Like another central figure in the Israeli peace movement, Uri Avneri (may he live long), he was both a bohemian and an ideologist. No party was comparable to Nathan's roof parties in north Tel Aviv's Zirelson Street. Nobody could be as treacherous as us, who lived it up at his parties and then abandoned him after he became sick and wheelchair-ridden many years ago. There are dozens of people around town who should feel deeply guilty today for neglecting him so criminally, including this writer.

In the footnotes of history, Abie will be remembered as the man from California, the city's first hamburger joint; as the man who took the peace flight to Cairo and was erroneously reported to have crashed. And of course, as the man from "Twilight Time," the unforgettable program on the Voice of Peace, with its daily moment of silence - perhaps the last time we heard silence here, not just incessant intolerable noise.

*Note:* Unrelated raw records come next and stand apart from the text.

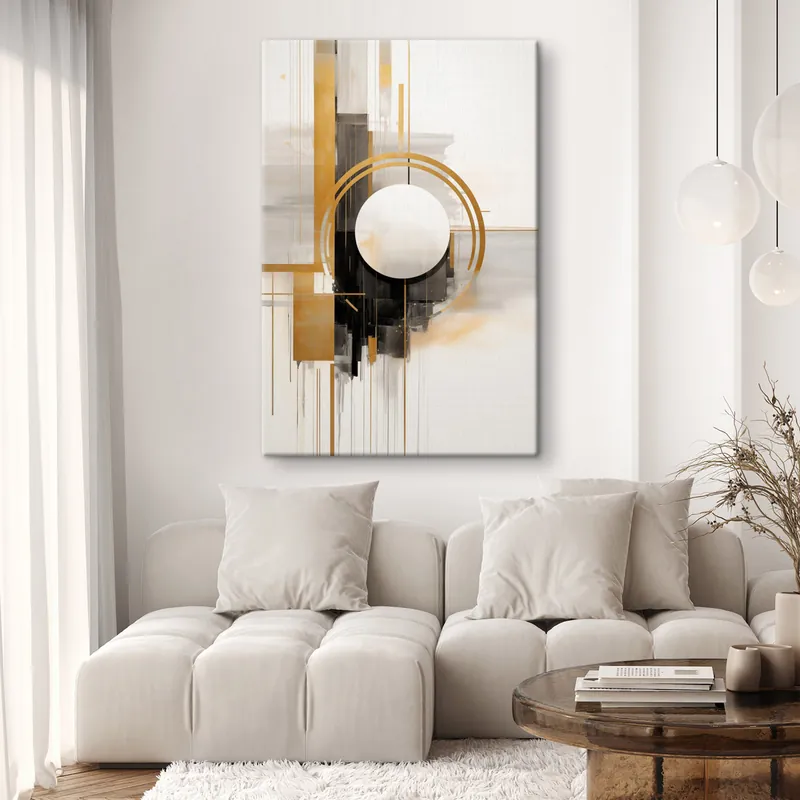 Pictură pe pânză Forme geometrice abstracte și cercuri cu accente galbene, artă texturată Nr s49480 Retur gratuit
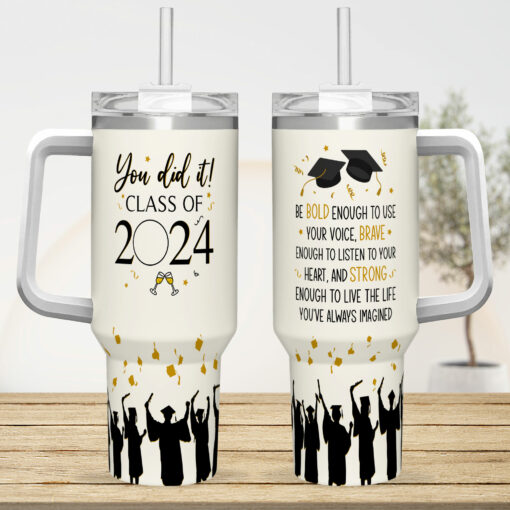 Gingerglowgifts Personalized Gift For Graduation, You Did It Graduation Tumbler 40oz TPT1723LTH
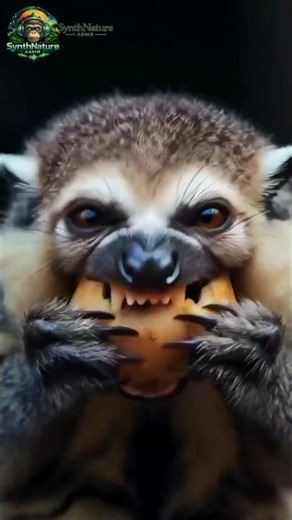 Calm Slow Loris Eating Hard Forest Fruit 🍂 | Crunchy ASMR Shorts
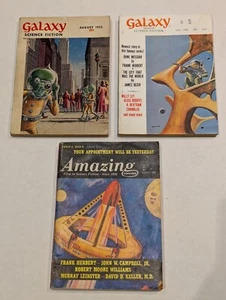 Lot of 3 - Galaxy, Amazing Stories 1952-1969, Frank Herbert, Philp K. Dick - Picture 1 of 7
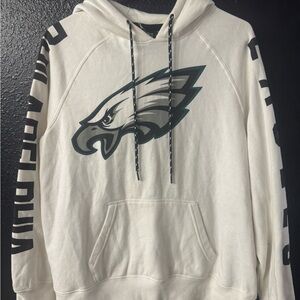 Philadelphia Eagles White Pullover Hoodie Sweater
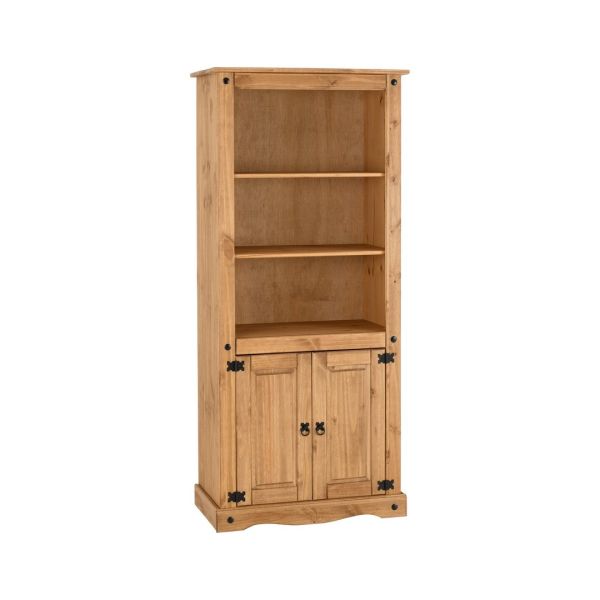 Corona 2 Door Display Unit/Bookcase - L44.5 x W81 x H182 cm - Distressed Waxed Pine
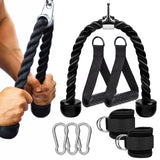 Gym Handles Ankle Straps Tricep Rope Carabiners Set Home Gym Cable Machine Attachments Accessories Exercise Equipment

When the Peace Boat was sunk by its founder, Abie and all his charm sank with it in the public awareness.

Indeed, he had charm. A rare combination of naivete and organization skills, an Israeli yet a man of the world, a bomber and a fighter for peace. When they lay him to rest I'll remember all those spectacular contradictions. Above all, I'll remember the other days, when you could drive to meet Zahar on a Saturday afternoon, bring him toys for Gaza's children (in the trunk of the jalopy that kept pulling to the left), and dream of peace. None of this is possible anymore, perhaps because Abie is no longer with us. He hasn't been for a long time.